Ydit se souvient encore : La jeune femme, qui se lasse, sait bien que, comme pour toute addict, la question du coût s’impose parfois à la question du goût. Elle se souvient non pas d’un thé au Sahara ( elle voyage peu) mais d’une cliente à présent disparue. Avant la claustration ( ainsi nomme-t_elle les confinements, par goût pour les appellations d’origine, enfermement, internement, isolement, réclusion), bref « Une jeune femme d’à peine plus de trente ans, elle venait ici acheter par cher et beaucoup dans les petits formats de rouge, du 120 pages vite fait vite vu, léger pas nocif, de l’Irène Frain allégé, du Préfontaine (Yves) raccourci, son mari ne voyait rien, elle supportait parfaitement le choc, seulement de plus en plus absente et perdue d’heure en heure, mais cela ne le gênait pas, les hommes ça ne les ennuie pas quand on existe moins, elle gagnait un peu d’argent par des petits boulots faits en secret dans le quartier : lire une quatrième de couv. à une grand mère quasi aveugle, déchiffrer la critique du Parisien pour le pharmacien originaire d’Yvetot…
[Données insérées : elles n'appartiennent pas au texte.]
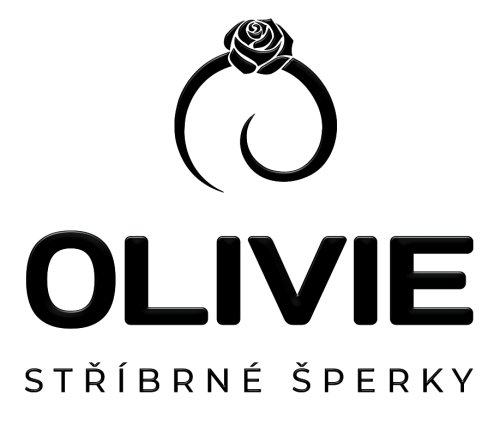 Stříbrné šperky OLIVIE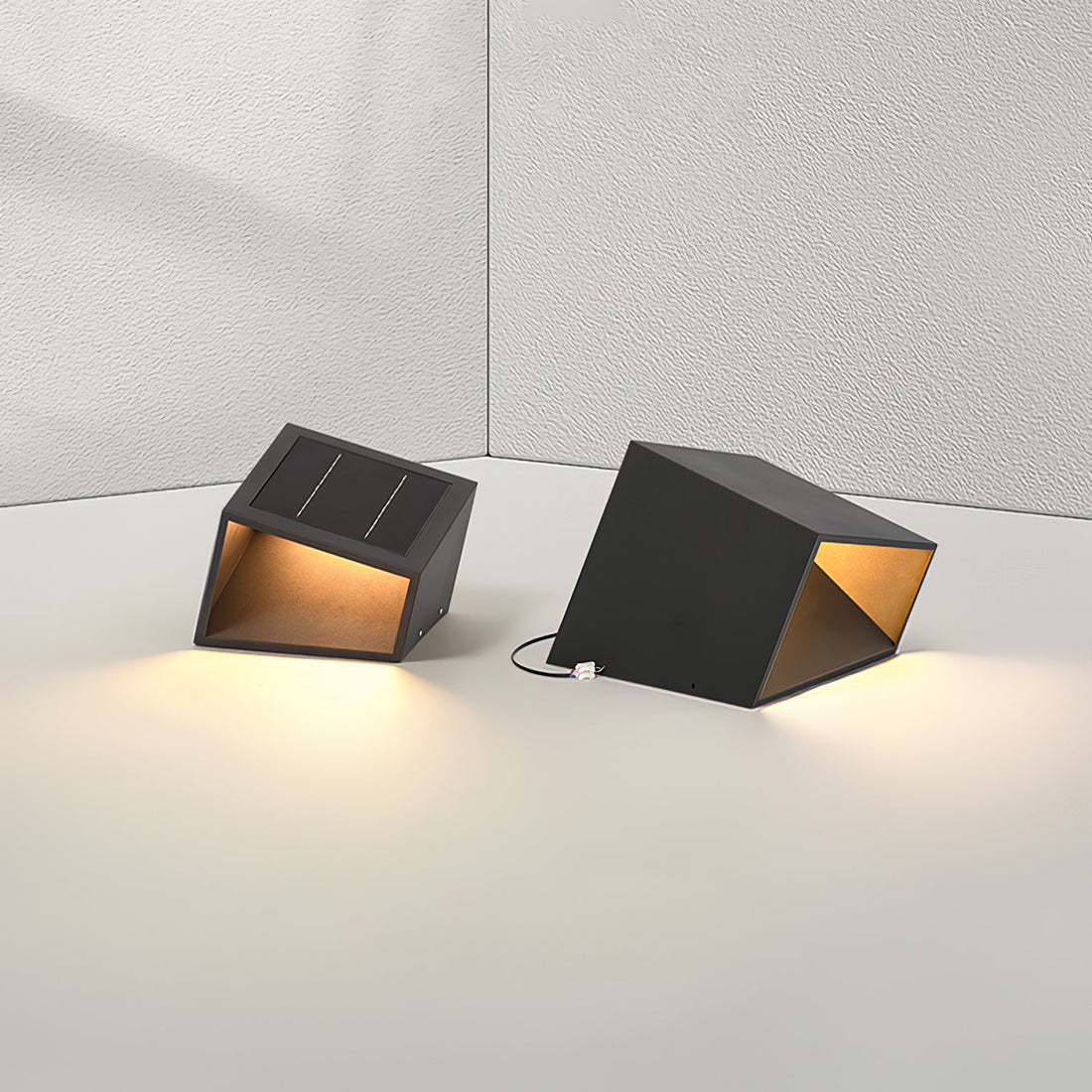 Cube Garden Solar Light - Compact LED Lamp for Patio & Small Gardens
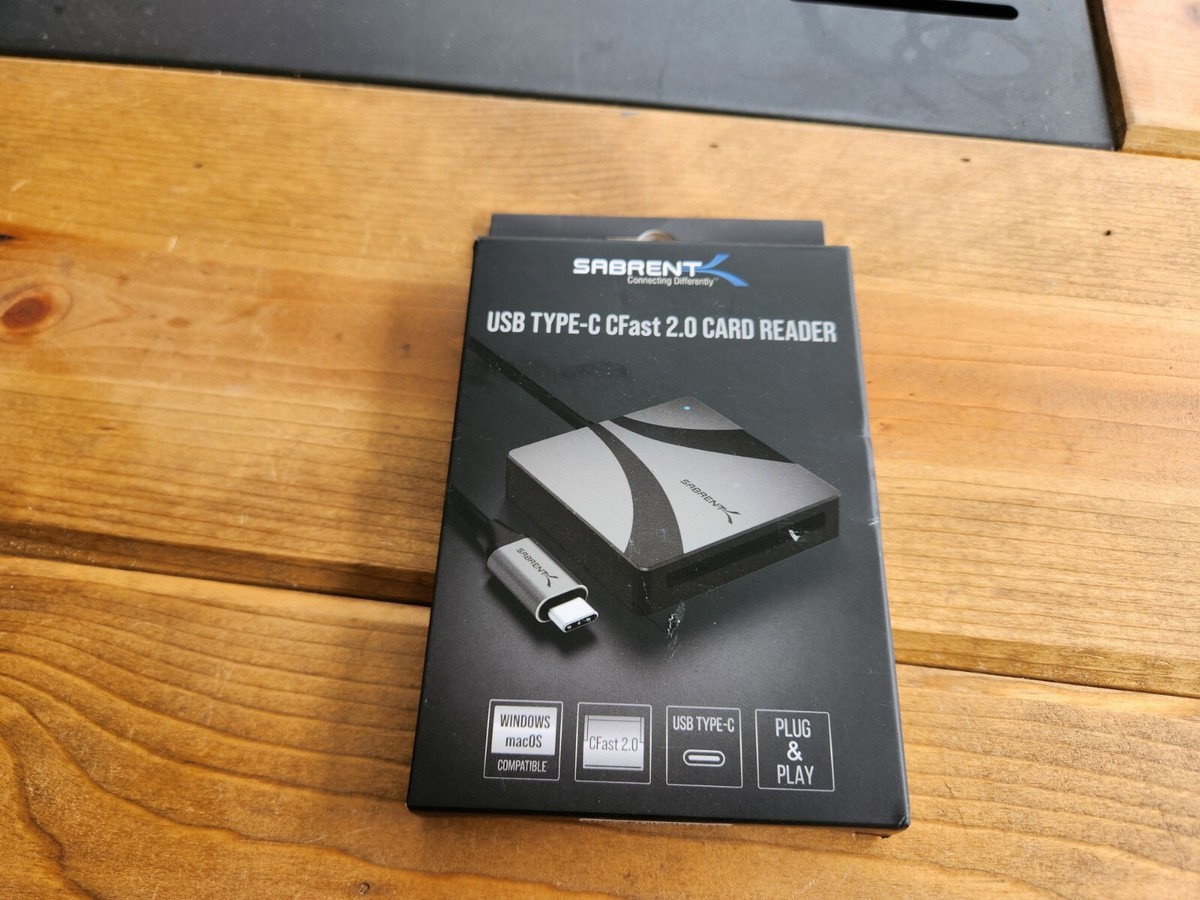 SABRENT USB Type C CFast Card Reader [CR-CF20]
Puis voila ( continue la conseillère narratrice un jour, toujours) le temps de l’obstruction, le confinement, pour elle une violente épreuve, plus de courses discrètes possibles, elle se faisait livrer des caisses de six volumes de rouge bien rouge, épais et nauséeux comme un jus de betteraves, le moins cher de toute la boutique, mais rien à faire, même comme ça, elle manquait, ça manquait, sans parler de la honte devant le livreur haletant son effarement, au bout du compte le mari s’est aperçu de l’addict, s’est ennuyé, fâché, bouleversé, alarmé. Dès la fin de la peste COVID , elle a commencé à voir un psy-pour tenter de répondre à la question, votre question : comment s’en débarrasser?«
Bah, tout à fait ça, justement, respire Ydit : De cela comment se débarrasser ?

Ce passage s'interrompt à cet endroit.